「はぁ」
ため息をつくミューズの表情は冴えず、神妙な面持ちである。お披露目が終わっても緊張感が抜けず、そわそわとしているのだ。
自室としてあてがわれた部屋でドレスを脱いでラフな格好にはなるが、先のことを思うと落ちつかない。
折角出来た少しの自由時間なのに、大好きな本を手にしても全く文章が頭に入らず、ミューズの目と手は同じページで止まっていた。
お付きの侍女チェルシーはそんなミューズを見て何も言えず、お茶を淹れた後はじっと側で待機するしか出来ない。
今のところミューズの力になれることは何もないからだ。
気持ちが落ち着かず、ふと手を見るとティタンにもらったブレスレットが目に入る。
(そう言えばティタン様に言われたわね)
エスコートされ、部屋の前で別れた時のことが思い出される。
「今夜、君の元へ行くから」
精一杯の気持ちで絞り出したのだろうなという表情をしていた。
口元を隠し、目線も反らしていたけれど、見える耳や頬が真っ赤であったのが記憶に残っている。
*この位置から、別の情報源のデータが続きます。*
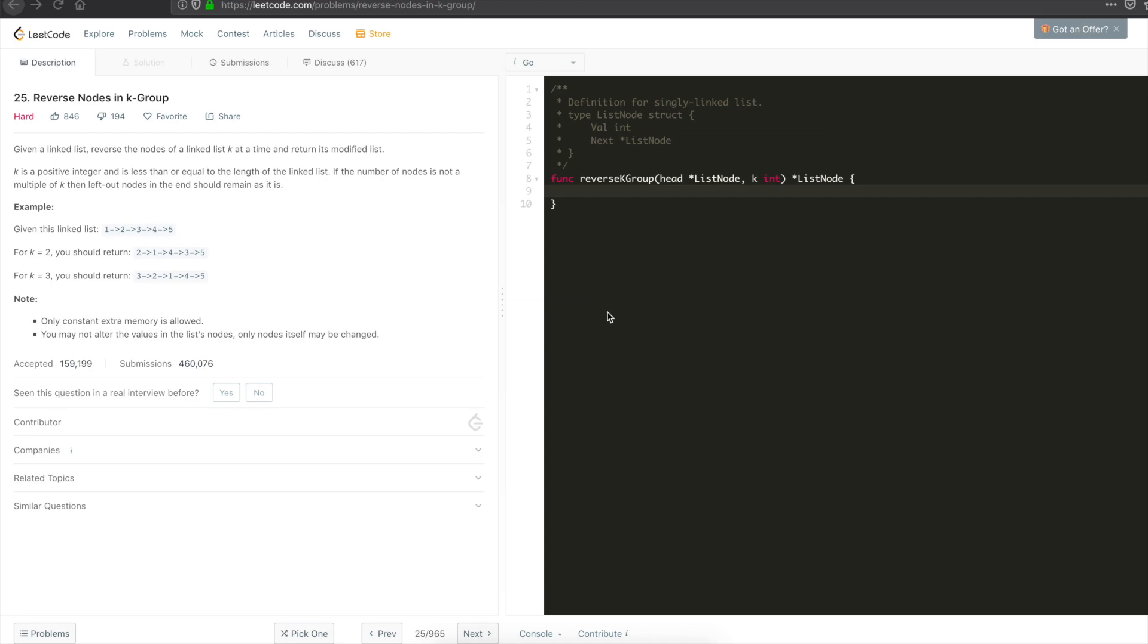Hello, my name is Venkatesh. Welcome to Let's Talk All Algorithms. Today we'll be solving the problem reverse nodes in k group. Let's start with the problem description. Given a linked list, reverse the nodes of a linked list k at a time and return its modified list.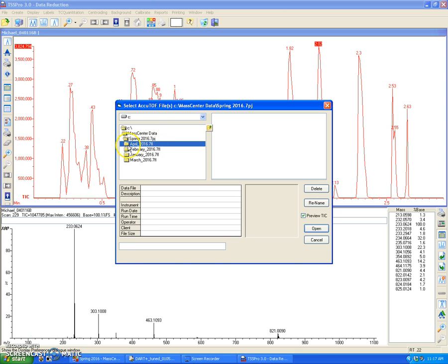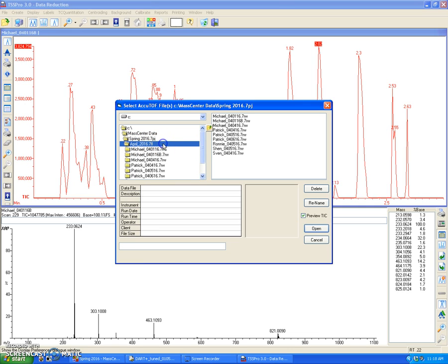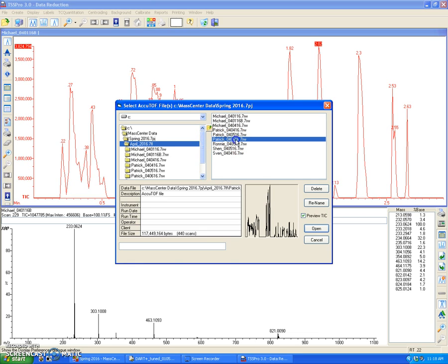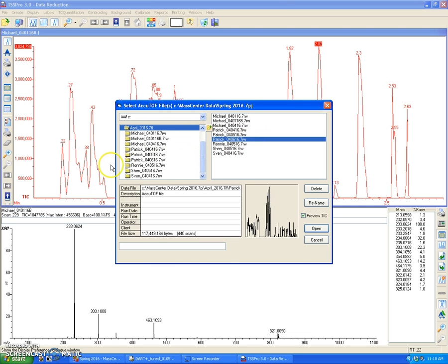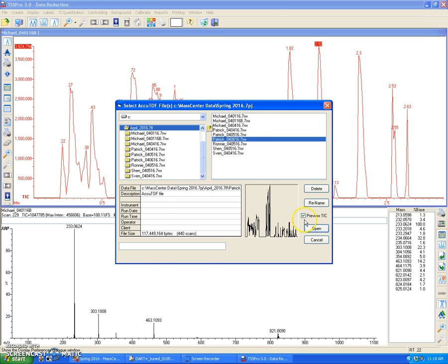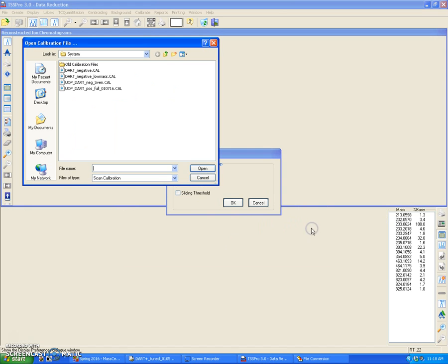So in this case, my data file was saved in April underscore 2016. I'm going to double click on that. And my file is Patrick underscore 040616. You're going to see or notice that these files are also within these folders right here. You can ignore these because the data file to open is in this window right here. So I'm just going to select that and click Open.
遠くで見守っているティタンの護衛騎士がガッツポーズしていたのが、目の端に映ったのも思い出された。
(アレは恐らく初夜の事を応援していたのよね)
そう考えるだけでミューズの顔は赤くなっていく。
本を閉じてテーブルに突っ伏した。
「嫌いではないの、寧ろ好きなの……」
ぽつりとミューズは小さな声で本音を漏らした。
最初にティタンの話を聞いた時は、嫌悪し憎んだ。
沢山の人を殺しても平然としている男。
そんな風に聞いていたのに、実際に会ったティタンはミューズの想像とは違っていた。
戦がなければ、きっとティタンは剣を振るって人を傷つける事も、命を奪う事もしなかったはずだ。
そう思うくらい優しさにあふれた人だった。
国の為、民の為、その力と剣を振るい、アドガルムを守りたいとそう願っていたように思う。
ティタンだけの力ではないだろうが、街の様子や、民たちの暮らし、そして城の騎士たちのティタンへ向ける視線が偉大さを語っていた。
他の王子たちも素敵ではあったが、ミューズとしてはこれ程までに武力に優れているのに、時々人間味を見せるティタンが一番好ましかった。
彼の表情や言動が好きだ、そしてあの逞しい体も。
赤くなる頬を押さえ、ミューズは艶のあるため息をついた。
ティタンへの好意を自覚してからは、ミューズの恋する気持ちは加速していった。
誰にも言っていないが、昔から小柄で非力であったミューズは、あのような筋肉や屈強な騎士に憧れていたのだ。
軽々とミューズを抱き上げ、多少の事ではびくともしないティタンは時に大胆で、けれど時に臆病で、そのギャップがまた愛おしく思えた。
しかもティタンは白い結婚を望まず、ミューズと本当の夫婦になりたいと望んでくれたので、尚更好意が強くなった。
妹たちを庇いミューズ自ら志願した結婚だったのけれど、最初はティタンの本心がわからず、このようになるとは思っていなかったのもあって予想外の連続であった。
ティタンはきっと妹を庇うミューズの心情に同情をして選んでくれたのだと思っていた。
本当は最初から好意を持ってくれていたと、望まれていたというのが、わかって嬉しい。
今夜あるであろう夫婦生活を意識し過ぎて、数日前は淑女にあるまじき悲鳴を馬車内であげてしまったが、今はようやく覚悟も出来、受け入れるつもりだ。
ミューズも数々の恋愛小説を読んできたのだから。多少の知識はある。
「恥ずかしいけど、きっと耐えられる」
またしても顔は赤くなるが、もう大声を上げることはなかった。